Short Ticketing Detection Framework Analysis Report

A joint research project between Cubic and independent researchers from Imperial College London's AIDA Lab - Yuyang Miao, Huijun Xing, Tony G. Constantinides, and Danilo P. Mandic.

Fare evasion costs UK rail £240 million every year.

Short ticketing, where passengers pay for part of a journey instead of end to end, is one way rail companies are losing money.

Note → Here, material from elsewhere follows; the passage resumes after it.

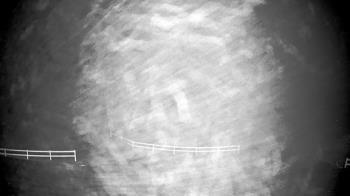 Weather camera view of White Plains Regional Park.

This comprehensive report, produced in collaboration with the team from Imperial College London, analysed 6.5million  journey records from 100 stations using a multi-expert AI framework to reveal how data can help tackle this issue head on.

 

Key Highlights:

  • AI-Powered Detection: The framework applied four unsupervised machine learning algorithms to detect anomalous travel behaviours without relying on labelled data: Isolation Forest, Local Outlier Factor, One-Class SVM, and Mahalanobis Distance.
  • Fraud Identification: The newly introduced AI classification system identified 30 high-risk stations and five distinct short ticketing patterns, including “Ghost Station” and “Black-Hole” behaviours.
  • Operational Impact: The framework enables targeted deployment of revenue protection staff, replacing random inspections with data-driven interventions.
  • Strategic Value: This research demonstrates how AI can automate short ticketing detection at scale, offering a replicable model for transit authorities globally to combat fare evasion more effectively.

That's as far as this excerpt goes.